THE INPUT
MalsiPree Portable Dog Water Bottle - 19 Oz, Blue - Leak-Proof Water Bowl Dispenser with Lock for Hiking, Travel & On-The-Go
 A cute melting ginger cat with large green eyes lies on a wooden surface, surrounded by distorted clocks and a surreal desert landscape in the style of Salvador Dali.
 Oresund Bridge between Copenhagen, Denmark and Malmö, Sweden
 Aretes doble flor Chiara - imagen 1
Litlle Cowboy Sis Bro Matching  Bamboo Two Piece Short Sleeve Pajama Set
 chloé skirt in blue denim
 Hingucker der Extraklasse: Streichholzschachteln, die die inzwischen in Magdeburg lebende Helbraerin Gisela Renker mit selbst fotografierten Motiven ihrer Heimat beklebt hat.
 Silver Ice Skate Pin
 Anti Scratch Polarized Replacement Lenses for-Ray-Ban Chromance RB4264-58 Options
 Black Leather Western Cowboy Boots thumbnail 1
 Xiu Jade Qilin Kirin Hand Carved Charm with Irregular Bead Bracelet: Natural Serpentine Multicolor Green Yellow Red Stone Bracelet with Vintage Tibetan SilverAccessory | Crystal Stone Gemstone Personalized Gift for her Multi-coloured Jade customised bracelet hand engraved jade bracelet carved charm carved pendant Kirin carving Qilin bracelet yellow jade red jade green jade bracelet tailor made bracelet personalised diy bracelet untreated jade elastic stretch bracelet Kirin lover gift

YOUR GOAL
From the data above, output exactly the lines between the one containing "Litlle Cowboy Sis" and the one containing "Black Leather Western", counting both of them.

RESULT BELOW
Litlle Cowboy Sis Bro Matching  Bamboo Two Piece Short Sleeve Pajama Set
 chloé skirt in blue denim
 Hingucker der Extraklasse: Streichholzschachteln, die die inzwischen in Magdeburg lebende Helbraerin Gisela Renker mit selbst fotografierten Motiven ihrer Heimat beklebt hat.
 Silver Ice Skate Pin
 Anti Scratch Polarized Replacement Lenses for-Ray-Ban Chromance RB4264-58 Options
 Black Leather Western Cowboy Boots thumbnail 1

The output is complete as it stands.